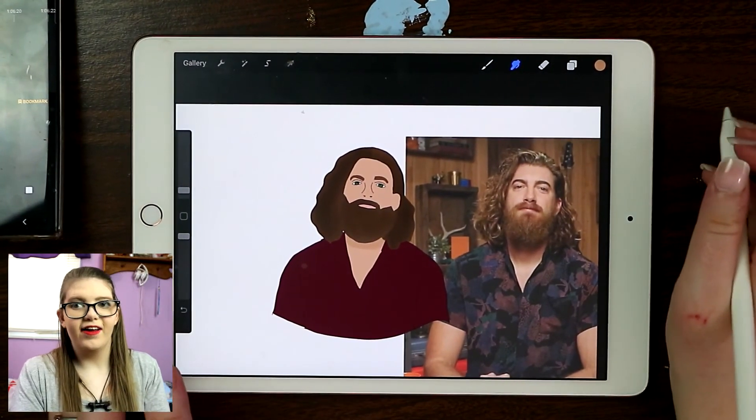Honestly, I like how it turned out! So that was my cartoon drawing of Mr. Rhett James McLaughlin. You should check out Good Mythical Morning — it's the show he co-hosts with his best friend Link Neal. If you don't watch it, please take the time — you won't regret it, it's amazing. I stayed up until 3am binge-watching when I first joined the fandom and I couldn't stop.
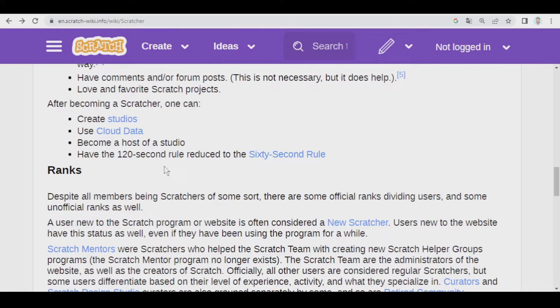This means that when you post a comment in a forum, you have to wait two minutes until you can post another one, but if you're a Scratcher, you only have to wait one minute.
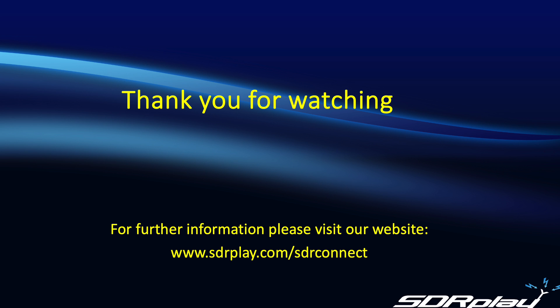For the latest updates on SDR Connect, please visit our website at the link shown below: www.sdrplay.com/sdrconnect. We look forward to bringing you more exciting features to this software in the coming months. 73.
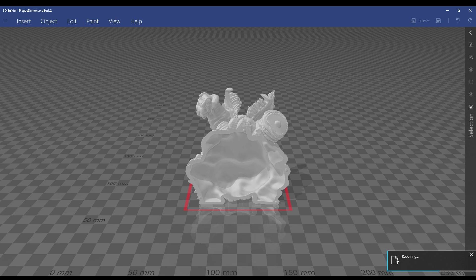Import the STL file that's in that Lychee scene into the 3D Builder application. It's going to tell you it needs to repair automatically. Let it do it. Takes a couple minutes.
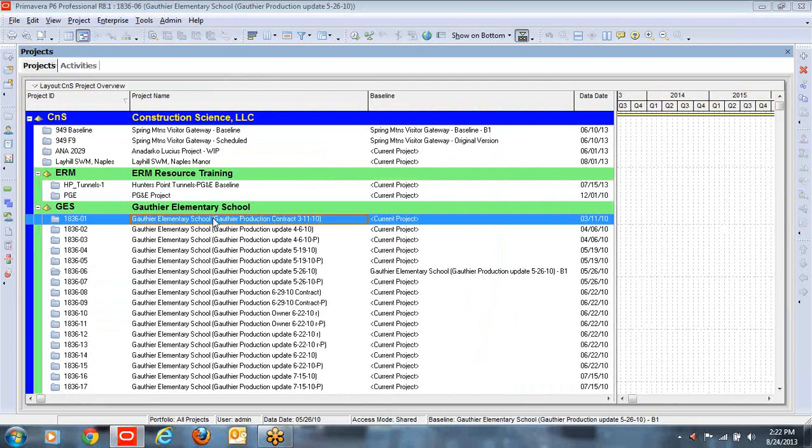I hope you enjoyed this little explanation of baselines. If you follow these steps, I think you'll always be looking at the right baseline, and you'll certainly understand a lot more about baselines than the casual Primavera P6 user. If you have any questions, feel free to visit either of our websites: constructionscience.com or primaverascheduling.com. Thank you.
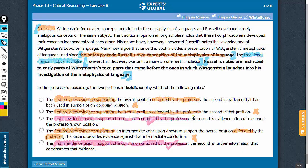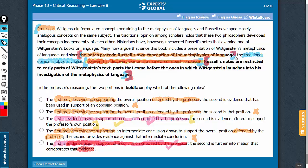Looking at the second part: the second bold face is evidence offered to support the author's own position — the conclusion that the discovery warrants a more circumspect conclusion — so answer choice C is likely correct. Answer choice E says the second is further information that corroborates that evidence used to support a conclusion criticized by the professor. That's not correct, because the second bold face supports the author's point of view, not the first bold face. Therefore, answer choice E is incorrect.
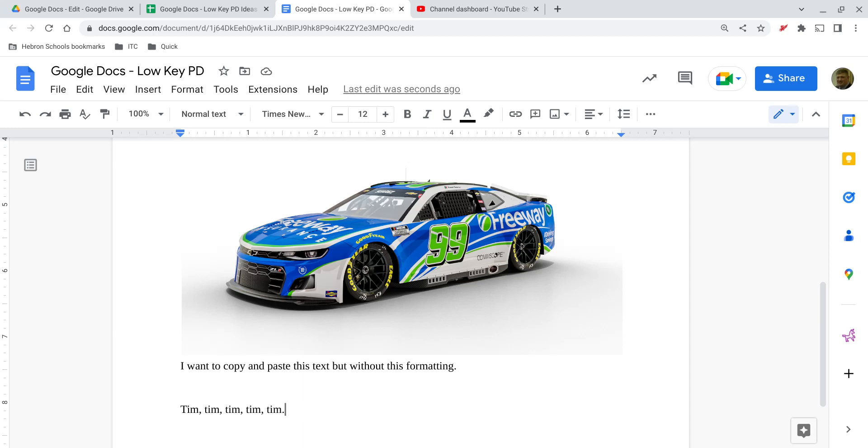Welcome to Low-Key PD. In this video we're going to explore the Find and Replace feature in the Google Docs edit menu.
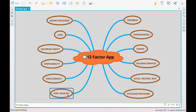The next one is port binding. When we design applications — for example, in Java, we create applications deployed to Tomcat — we used to allow Tomcat to decide which port our application should run on. Those decisions shouldn't be exposed to the platform. Instead, the application itself should drive which port it runs on. That is what port binding means.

== Aim of the task ==
The lines running from the beginning of the listing above through the line that holds "Import the STL" are to be duplicated exactly, both ends kept, pictures omitted.

== Answer for this exercise ==
Honestly, I like how it turned out! So that was my cartoon drawing of Mr. Rhett James McLaughlin. You should check out Good Mythical Morning — it's the show he co-hosts with his best friend Link Neal. If you don't watch it, please take the time — you won't regret it, it's amazing. I stayed up until 3am binge-watching when I first joined the fandom and I couldn't stop.
This means that when you post a comment in a forum, you have to wait two minutes until you can post another one, but if you're a Scratcher, you only have to wait one minute.
For the latest updates on SDR Connect, please visit our website at the link shown below: www.sdrplay.com/sdrconnect. We look forward to bringing you more exciting features to this software in the coming months. 73.
Import the STL file that's in that Lychee scene into the 3D Builder application. It's going to tell you it needs to repair automatically. Let it do it. Takes a couple minutes.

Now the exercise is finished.